PROBLEM TO WORK ON.
Search the entries for the word "Hyundai" and pull out each line that has it.

INFORMATION SUPPLIED.
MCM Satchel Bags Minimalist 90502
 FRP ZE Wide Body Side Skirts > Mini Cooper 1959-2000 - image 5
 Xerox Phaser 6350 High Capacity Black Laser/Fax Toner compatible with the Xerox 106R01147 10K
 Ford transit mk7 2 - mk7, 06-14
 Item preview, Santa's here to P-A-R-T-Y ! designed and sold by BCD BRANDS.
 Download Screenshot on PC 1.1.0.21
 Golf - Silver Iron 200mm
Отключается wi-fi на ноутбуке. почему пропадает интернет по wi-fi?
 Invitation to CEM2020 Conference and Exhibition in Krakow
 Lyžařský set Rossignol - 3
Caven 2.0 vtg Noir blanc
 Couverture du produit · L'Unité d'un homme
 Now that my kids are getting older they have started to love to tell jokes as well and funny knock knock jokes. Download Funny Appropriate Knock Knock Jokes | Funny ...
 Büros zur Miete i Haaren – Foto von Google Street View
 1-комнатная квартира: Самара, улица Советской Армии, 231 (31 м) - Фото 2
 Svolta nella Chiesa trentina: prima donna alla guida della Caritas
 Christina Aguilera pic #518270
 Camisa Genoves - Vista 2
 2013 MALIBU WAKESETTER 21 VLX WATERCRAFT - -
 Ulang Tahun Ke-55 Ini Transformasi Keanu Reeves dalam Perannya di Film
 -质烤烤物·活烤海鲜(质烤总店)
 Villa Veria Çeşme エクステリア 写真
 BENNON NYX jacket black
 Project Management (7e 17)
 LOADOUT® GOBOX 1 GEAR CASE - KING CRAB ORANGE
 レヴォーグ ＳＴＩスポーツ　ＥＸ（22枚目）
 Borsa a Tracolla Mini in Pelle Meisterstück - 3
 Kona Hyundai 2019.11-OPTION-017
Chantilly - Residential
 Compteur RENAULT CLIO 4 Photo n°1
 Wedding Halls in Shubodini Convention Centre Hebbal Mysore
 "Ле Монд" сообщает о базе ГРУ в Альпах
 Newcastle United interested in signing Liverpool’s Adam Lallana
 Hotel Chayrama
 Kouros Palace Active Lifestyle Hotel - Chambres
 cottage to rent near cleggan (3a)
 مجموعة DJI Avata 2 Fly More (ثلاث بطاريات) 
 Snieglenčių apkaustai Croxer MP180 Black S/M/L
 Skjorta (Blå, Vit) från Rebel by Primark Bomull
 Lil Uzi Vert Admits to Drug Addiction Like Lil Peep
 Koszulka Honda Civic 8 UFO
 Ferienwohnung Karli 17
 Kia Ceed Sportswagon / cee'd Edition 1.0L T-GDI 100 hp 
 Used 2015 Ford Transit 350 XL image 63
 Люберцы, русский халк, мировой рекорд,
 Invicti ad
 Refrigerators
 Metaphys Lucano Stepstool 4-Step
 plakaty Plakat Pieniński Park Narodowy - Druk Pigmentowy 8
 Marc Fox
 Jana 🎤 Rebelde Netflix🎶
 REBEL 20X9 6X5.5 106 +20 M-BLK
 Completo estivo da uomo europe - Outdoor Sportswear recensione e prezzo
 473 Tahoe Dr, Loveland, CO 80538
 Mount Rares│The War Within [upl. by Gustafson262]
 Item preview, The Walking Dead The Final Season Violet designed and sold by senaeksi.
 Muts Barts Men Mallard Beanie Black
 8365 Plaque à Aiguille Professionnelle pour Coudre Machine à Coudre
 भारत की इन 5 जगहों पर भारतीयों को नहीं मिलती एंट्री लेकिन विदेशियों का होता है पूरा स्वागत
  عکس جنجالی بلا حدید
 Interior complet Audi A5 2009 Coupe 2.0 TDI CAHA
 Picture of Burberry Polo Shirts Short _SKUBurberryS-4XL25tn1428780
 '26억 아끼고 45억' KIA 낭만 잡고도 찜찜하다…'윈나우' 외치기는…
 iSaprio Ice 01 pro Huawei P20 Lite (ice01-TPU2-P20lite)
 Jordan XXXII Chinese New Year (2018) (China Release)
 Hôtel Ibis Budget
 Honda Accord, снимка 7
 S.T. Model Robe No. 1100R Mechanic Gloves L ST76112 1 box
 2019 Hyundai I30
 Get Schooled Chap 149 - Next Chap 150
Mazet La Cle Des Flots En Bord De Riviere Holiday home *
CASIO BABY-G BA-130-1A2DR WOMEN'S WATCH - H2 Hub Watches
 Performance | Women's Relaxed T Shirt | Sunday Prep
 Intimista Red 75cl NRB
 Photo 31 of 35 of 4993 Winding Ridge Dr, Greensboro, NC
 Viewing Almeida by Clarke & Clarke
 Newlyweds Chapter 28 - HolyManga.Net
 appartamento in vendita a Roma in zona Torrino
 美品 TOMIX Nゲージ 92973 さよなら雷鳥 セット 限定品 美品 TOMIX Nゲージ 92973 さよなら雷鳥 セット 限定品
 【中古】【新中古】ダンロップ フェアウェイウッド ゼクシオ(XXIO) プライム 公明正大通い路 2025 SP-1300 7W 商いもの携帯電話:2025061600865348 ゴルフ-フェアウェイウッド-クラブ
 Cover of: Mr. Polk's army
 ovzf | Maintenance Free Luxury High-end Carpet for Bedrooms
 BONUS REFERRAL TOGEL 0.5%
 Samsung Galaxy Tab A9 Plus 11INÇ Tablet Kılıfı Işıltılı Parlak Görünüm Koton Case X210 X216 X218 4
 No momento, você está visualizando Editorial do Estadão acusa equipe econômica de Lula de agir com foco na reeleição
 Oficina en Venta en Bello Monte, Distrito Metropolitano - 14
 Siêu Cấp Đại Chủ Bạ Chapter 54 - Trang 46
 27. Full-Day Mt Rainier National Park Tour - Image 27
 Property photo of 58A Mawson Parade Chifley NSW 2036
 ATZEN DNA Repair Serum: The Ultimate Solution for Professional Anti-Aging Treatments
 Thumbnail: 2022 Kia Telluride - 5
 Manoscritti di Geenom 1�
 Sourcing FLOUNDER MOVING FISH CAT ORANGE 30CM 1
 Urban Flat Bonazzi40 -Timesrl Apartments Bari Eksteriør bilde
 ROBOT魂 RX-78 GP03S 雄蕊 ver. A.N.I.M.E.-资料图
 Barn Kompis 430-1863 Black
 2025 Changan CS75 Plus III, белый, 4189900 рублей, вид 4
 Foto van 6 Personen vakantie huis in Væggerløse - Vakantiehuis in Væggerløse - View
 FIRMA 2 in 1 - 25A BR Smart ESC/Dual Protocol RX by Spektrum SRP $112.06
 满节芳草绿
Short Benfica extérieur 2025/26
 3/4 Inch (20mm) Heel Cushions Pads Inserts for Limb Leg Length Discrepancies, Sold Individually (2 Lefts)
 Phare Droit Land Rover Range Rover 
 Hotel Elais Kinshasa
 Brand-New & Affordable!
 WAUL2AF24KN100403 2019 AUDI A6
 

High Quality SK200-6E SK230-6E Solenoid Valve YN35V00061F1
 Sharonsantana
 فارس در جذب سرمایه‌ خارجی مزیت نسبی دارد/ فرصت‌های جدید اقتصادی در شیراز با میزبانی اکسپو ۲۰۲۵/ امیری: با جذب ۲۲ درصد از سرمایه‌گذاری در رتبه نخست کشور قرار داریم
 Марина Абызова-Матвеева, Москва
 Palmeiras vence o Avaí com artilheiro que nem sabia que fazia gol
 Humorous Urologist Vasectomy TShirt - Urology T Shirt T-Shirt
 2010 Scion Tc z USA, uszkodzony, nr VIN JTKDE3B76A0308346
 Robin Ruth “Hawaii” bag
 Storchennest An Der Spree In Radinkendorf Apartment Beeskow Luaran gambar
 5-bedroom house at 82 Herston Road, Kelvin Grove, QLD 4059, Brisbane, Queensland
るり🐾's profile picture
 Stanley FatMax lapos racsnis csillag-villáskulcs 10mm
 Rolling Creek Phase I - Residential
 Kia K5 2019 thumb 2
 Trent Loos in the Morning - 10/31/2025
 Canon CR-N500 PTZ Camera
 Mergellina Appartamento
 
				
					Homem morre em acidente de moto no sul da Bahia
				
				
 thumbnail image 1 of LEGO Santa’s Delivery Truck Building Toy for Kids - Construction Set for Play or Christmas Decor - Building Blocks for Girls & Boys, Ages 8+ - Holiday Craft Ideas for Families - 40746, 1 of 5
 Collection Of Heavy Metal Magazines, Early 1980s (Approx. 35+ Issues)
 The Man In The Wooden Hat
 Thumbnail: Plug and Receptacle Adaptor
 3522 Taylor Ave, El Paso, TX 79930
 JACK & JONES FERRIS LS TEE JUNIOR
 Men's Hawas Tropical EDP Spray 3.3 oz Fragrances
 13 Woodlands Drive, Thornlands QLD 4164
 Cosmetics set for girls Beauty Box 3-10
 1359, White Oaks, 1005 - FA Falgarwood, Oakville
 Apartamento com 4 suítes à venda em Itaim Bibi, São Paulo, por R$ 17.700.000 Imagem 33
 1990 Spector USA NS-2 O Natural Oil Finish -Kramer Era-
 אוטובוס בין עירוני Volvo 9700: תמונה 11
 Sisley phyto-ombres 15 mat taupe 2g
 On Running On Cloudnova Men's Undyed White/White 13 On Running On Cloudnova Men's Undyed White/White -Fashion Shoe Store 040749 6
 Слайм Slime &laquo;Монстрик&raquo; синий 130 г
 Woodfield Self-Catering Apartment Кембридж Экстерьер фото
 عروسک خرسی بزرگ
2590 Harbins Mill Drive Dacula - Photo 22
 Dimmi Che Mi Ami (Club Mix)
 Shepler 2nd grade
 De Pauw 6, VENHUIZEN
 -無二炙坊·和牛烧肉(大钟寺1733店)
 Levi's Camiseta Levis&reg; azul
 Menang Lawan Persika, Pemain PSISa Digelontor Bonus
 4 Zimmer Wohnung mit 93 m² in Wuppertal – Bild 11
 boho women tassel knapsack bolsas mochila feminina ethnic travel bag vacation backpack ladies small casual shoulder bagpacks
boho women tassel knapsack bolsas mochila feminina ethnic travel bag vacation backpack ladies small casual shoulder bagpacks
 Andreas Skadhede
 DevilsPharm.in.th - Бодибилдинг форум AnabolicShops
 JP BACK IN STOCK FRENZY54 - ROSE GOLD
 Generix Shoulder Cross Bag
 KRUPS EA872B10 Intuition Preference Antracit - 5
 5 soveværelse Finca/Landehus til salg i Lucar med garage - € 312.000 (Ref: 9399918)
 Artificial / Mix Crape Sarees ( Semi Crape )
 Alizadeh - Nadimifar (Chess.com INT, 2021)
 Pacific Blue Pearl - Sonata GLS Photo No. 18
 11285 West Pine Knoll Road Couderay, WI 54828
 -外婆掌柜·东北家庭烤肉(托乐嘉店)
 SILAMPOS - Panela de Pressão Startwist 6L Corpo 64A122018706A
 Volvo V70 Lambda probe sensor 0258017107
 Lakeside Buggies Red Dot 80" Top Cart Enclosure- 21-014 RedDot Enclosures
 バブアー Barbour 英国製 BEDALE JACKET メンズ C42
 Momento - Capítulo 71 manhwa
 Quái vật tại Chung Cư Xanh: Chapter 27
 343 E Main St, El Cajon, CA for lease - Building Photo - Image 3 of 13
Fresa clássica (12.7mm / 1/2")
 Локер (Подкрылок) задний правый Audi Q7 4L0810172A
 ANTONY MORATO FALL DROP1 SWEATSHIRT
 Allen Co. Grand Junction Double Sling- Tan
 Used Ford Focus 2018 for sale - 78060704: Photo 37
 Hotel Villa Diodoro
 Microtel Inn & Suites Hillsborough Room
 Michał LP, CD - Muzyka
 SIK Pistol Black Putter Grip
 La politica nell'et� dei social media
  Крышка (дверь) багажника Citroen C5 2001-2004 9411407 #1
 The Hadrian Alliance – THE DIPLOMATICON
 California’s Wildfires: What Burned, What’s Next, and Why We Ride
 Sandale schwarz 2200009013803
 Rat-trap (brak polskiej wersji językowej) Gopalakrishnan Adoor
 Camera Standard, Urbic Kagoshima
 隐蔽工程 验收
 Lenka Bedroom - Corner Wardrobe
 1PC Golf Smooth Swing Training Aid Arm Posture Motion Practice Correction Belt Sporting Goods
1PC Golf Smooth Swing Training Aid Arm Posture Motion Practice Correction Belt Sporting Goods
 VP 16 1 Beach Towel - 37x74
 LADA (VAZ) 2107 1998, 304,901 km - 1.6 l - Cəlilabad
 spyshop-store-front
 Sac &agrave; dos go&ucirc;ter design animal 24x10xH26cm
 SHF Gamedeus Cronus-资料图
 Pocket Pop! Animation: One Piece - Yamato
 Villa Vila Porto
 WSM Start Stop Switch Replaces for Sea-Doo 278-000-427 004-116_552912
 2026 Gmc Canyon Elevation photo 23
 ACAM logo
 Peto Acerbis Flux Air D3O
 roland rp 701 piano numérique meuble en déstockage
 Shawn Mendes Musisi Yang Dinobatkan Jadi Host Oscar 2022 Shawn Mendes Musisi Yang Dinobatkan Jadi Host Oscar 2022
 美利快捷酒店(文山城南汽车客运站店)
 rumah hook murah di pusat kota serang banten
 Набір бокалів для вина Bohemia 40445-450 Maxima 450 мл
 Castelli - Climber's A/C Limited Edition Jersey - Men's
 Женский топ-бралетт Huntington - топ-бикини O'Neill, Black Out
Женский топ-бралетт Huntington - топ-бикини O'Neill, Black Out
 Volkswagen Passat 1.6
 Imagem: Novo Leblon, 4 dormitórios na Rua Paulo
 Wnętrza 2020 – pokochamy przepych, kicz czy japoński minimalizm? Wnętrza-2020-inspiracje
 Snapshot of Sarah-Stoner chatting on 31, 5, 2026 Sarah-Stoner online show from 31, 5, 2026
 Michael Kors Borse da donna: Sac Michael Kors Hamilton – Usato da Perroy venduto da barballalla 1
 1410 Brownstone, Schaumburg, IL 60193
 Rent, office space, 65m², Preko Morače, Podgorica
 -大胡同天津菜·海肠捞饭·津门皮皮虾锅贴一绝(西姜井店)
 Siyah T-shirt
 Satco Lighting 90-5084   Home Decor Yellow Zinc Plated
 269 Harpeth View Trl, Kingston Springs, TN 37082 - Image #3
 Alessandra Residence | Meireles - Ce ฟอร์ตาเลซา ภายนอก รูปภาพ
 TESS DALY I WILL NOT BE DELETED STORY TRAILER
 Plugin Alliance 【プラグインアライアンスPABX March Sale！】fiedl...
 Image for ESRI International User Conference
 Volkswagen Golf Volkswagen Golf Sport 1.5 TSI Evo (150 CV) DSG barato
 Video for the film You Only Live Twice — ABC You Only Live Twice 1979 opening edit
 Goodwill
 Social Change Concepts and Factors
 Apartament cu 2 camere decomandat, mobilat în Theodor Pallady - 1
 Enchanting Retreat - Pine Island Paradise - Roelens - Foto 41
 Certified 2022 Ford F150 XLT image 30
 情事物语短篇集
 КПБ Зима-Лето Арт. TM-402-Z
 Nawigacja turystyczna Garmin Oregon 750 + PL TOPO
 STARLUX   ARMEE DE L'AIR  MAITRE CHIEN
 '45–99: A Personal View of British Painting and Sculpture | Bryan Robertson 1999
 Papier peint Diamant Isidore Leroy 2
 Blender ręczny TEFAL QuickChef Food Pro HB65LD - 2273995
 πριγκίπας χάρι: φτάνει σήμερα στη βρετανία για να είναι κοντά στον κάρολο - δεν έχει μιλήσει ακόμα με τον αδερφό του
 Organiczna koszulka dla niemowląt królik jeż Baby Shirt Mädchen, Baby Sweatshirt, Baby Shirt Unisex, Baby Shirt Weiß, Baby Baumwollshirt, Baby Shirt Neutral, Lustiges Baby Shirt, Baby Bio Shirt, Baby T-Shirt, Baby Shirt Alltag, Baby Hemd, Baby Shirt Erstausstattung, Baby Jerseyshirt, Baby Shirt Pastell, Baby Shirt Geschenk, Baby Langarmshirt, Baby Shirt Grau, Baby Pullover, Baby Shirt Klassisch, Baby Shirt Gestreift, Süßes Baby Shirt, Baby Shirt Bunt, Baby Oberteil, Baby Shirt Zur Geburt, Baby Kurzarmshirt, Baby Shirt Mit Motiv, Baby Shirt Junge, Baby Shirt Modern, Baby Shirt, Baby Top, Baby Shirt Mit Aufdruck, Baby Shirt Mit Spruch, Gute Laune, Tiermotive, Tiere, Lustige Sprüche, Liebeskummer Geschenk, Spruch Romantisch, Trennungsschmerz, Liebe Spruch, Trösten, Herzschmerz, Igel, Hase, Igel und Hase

OUTPUT BELOW.
 Kona Hyundai 2019.11-OPTION-017
 2019 Hyundai I30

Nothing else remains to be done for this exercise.